• INPUT DATA
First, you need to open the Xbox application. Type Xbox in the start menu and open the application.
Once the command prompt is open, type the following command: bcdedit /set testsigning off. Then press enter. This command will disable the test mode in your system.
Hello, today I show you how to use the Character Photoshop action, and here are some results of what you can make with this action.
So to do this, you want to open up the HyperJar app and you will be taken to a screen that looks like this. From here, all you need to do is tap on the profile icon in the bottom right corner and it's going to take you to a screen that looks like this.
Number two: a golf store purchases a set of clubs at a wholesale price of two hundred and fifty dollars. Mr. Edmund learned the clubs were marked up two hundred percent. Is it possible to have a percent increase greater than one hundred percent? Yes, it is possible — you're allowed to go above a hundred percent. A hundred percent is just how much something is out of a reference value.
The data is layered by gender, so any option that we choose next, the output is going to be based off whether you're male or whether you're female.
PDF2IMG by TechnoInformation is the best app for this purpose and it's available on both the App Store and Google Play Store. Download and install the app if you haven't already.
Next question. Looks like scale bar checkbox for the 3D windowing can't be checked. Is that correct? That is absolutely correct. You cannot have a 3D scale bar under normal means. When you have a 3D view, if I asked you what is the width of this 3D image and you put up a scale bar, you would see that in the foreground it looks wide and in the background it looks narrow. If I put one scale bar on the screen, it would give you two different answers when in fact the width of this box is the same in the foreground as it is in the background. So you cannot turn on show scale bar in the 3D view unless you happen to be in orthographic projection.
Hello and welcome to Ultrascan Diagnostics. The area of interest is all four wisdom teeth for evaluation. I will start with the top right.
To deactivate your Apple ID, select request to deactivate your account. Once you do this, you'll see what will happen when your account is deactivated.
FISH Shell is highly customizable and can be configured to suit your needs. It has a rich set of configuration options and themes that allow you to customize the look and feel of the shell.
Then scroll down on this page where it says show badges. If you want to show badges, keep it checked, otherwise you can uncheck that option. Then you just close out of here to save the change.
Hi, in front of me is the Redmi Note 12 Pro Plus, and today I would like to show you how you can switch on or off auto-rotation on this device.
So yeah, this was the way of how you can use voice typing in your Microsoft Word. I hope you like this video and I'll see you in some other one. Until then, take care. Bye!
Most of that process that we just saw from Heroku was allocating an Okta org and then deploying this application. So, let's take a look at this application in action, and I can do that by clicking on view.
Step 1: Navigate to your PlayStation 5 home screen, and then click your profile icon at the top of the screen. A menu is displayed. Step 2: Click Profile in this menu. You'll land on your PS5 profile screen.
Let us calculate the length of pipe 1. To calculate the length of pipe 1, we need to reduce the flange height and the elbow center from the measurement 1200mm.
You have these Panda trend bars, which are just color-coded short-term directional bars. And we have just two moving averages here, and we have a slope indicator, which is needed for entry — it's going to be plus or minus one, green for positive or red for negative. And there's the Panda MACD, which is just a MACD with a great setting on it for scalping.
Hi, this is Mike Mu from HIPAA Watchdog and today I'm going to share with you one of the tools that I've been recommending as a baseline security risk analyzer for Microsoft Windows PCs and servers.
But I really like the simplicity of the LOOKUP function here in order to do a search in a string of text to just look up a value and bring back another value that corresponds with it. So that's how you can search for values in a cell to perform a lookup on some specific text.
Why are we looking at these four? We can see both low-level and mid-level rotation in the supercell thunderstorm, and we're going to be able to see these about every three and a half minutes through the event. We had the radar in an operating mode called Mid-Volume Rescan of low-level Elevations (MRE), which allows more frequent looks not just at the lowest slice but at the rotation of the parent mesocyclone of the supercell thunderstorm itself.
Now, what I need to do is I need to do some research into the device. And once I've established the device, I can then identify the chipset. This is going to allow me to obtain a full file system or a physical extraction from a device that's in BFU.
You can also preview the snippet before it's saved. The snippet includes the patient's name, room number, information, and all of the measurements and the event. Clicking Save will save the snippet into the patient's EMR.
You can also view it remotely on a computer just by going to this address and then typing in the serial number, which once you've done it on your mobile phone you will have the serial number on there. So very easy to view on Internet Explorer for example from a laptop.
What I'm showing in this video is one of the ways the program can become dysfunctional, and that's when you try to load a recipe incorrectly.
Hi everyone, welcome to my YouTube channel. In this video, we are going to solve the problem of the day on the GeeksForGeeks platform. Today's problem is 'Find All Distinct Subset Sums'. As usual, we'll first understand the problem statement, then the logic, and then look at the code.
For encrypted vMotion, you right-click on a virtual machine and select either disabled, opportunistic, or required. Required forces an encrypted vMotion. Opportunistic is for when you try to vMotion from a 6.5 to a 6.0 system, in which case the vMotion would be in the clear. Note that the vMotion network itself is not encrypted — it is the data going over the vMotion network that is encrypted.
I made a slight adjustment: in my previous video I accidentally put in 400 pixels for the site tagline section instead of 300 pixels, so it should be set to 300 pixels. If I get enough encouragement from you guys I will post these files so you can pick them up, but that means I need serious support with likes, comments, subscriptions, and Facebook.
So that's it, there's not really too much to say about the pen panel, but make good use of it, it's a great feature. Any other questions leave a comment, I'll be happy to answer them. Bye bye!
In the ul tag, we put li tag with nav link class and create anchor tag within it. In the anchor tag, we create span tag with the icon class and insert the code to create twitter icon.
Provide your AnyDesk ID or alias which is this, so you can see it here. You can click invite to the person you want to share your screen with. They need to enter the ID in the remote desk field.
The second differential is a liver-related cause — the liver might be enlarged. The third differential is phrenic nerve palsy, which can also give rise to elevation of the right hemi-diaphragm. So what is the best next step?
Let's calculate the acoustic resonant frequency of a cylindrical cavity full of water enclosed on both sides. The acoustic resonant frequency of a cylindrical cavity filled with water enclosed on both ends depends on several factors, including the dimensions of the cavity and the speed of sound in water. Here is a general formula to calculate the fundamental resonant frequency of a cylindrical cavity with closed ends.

• YOUR OBJECTIVE
Check each line above for the string "application" and return those that contain it.

• RESULT OF THIS EXERCISE
First, you need to open the Xbox application. Type Xbox in the start menu and open the application.
Most of that process that we just saw from Heroku was allocating an Okta org and then deploying this application. So, let's take a look at this application in action, and I can do that by clicking on view.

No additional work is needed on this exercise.